* [What you have to do]:
Down to the last line, restate the records word for word, but not the pictures.

* [Material shown]:
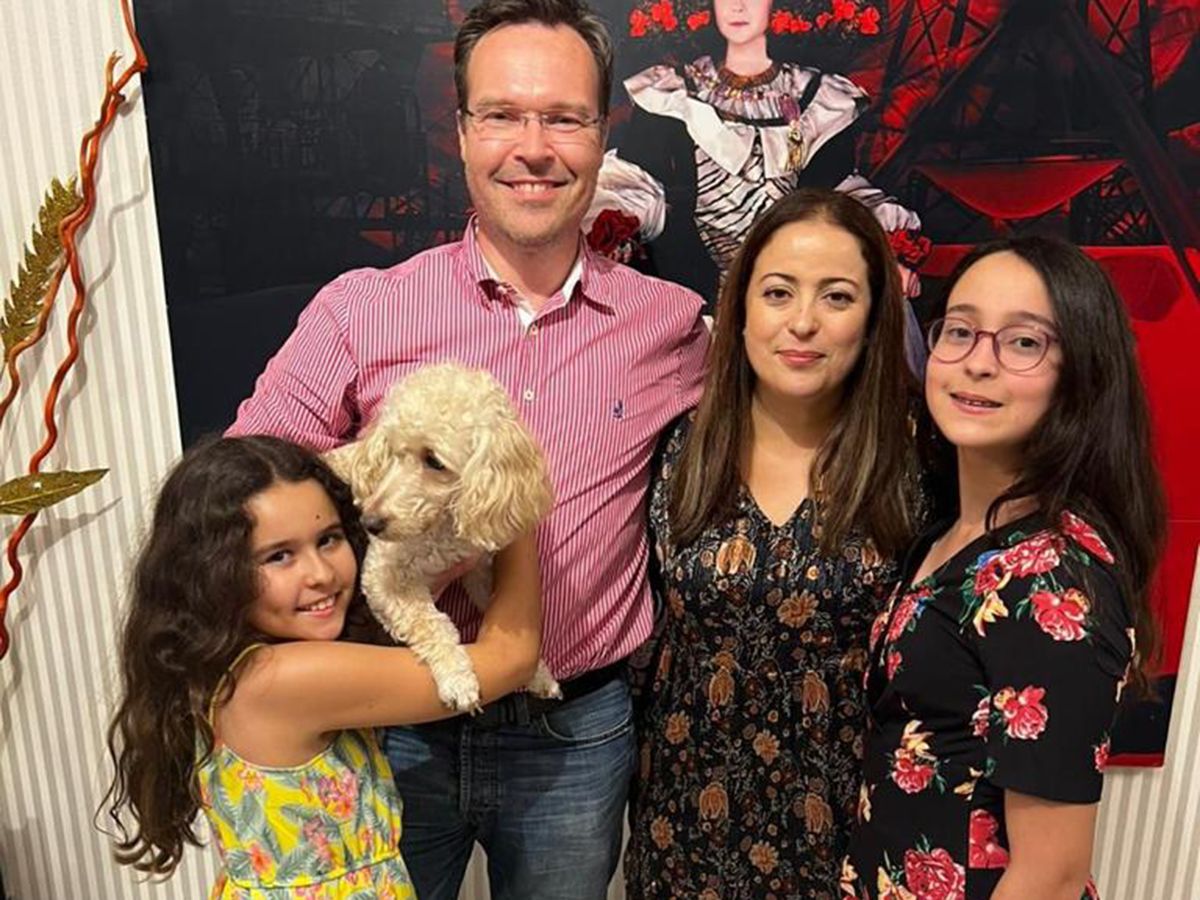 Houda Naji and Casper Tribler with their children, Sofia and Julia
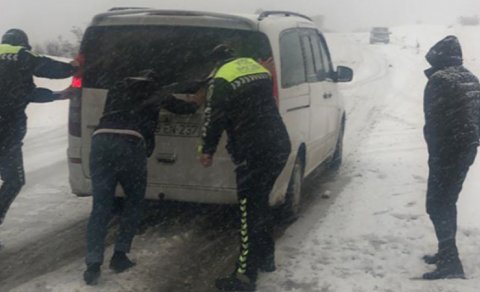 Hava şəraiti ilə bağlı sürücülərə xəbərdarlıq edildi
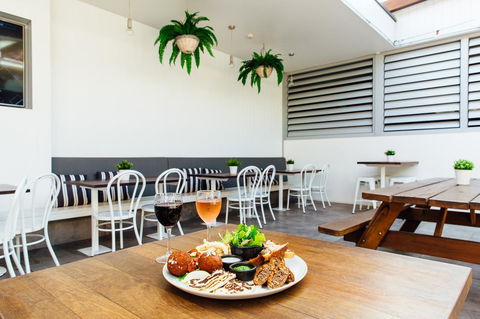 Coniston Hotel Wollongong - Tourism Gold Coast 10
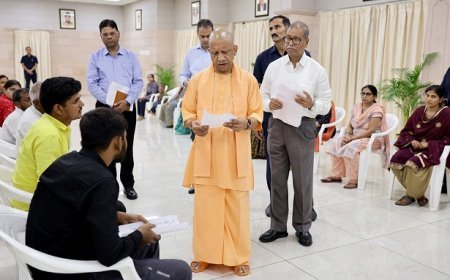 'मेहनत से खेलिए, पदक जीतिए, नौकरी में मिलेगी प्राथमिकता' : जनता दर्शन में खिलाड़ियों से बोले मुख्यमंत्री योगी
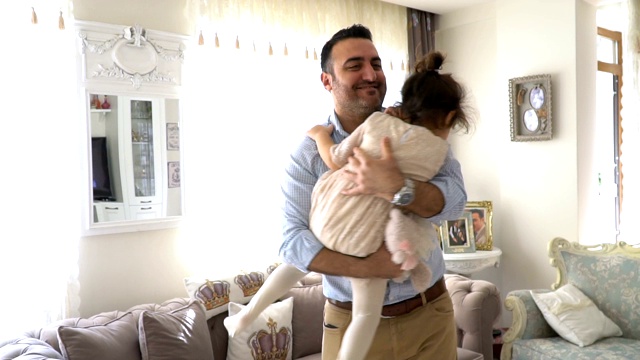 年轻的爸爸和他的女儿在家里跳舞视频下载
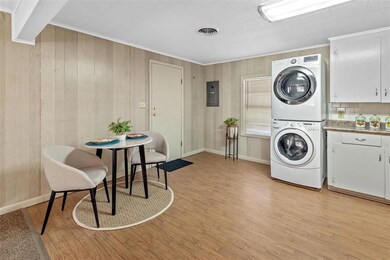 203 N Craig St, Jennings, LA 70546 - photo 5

* [Solution to this exercise]:
 Houda Naji and Casper Tribler with their children, Sofia and Julia
 Hava şəraiti ilə bağlı sürücülərə xəbərdarlıq edildi
 Coniston Hotel Wollongong - Tourism Gold Coast 10
 'मेहनत से खेलिए, पदक जीतिए, नौकरी में मिलेगी प्राथमिकता' : जनता दर्शन में खिलाड़ियों से बोले मुख्यमंत्री योगी
 年轻的爸爸和他的女儿在家里跳舞视频下载
 203 N Craig St, Jennings, LA 70546 - photo 5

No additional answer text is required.